Avec Règlement de comptes, Fritz Lang continue sa croisade virulente à
l'encontre de la société américaine. C'est l'indistinction entre le Bien et le
Mal qui sont l'objet de sa réflexion. Il s'appuie sur une petite ville où la
corruption règne et où le chef de la mafia a des allures à la fois d'homme
d'affaire et de politicien. Et si le flic intègre Bannion (très bon Glenn Ford,
qui donne une grande densité à son personnage) est au départ l'exact opposé de
la brute inhumaine et violente qu'est Vince Stone (Lee Marvin, dans une
composition légendaire), le parcours de Bannion dans sa croisade
anti-corruption, avec le terrible assassinat de sa femme, va le conduire à
s'approcher de plus en plus de la limite incertaine qui différencie le flic du
truand. Et, de plus en plus, Bannion devient monomaniaque, s'extrait de la
société, arc-bouté sur son objectif de détruire la pègre.

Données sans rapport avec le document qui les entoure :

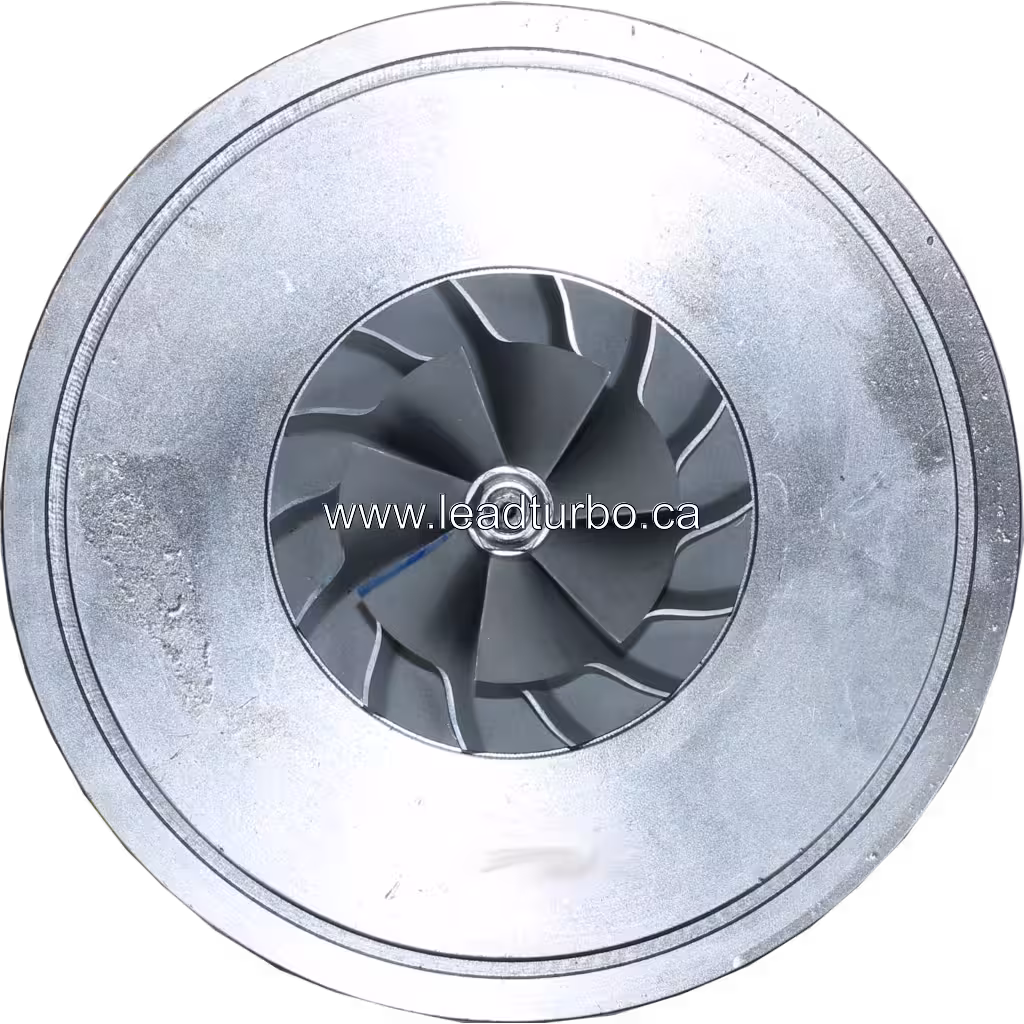 Cœur de Turbocompresseur J96 53299887130 - Remplacement Aftermarket front view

Mais il n'est plus
question de faire respecter la loi, il n'est question que de vengeance.
La mise en scène parfaite de Fritz Lang équilibre ce qui est montré et
ce qui est laissé hors-champ (splendide construction de la scène d'ouverture),
et la caméra sait suivre les personnages ou s'arrêter parfaitement (on ne voit
pas Debby être ébouillantée, son hurlement suffit) et Lang joue des gros plans
et des changements de focales, joue sur la profondeur de champ, construit son
cadre avec une maîtrise totale.
Règlement de compte vient donc s'insérer parfaitement dans la lignée
des films américains de Lang et il est l'une des grandes références de ces
films noirs qui joue parfaitement de l'indistinction entre Bien et Mal, qui
questionne cette frontière. On pense par exemple au Carrefour de la mort de H. Hathaway, articulé lui aussi sur
l'exploration de cette frontière mais du côté du truand, avec Nick Bianco qui
veut s'acheter une conduite mais qui reste contraint par son milieu (et, là
aussi, un tueur sadique qui rôde autour).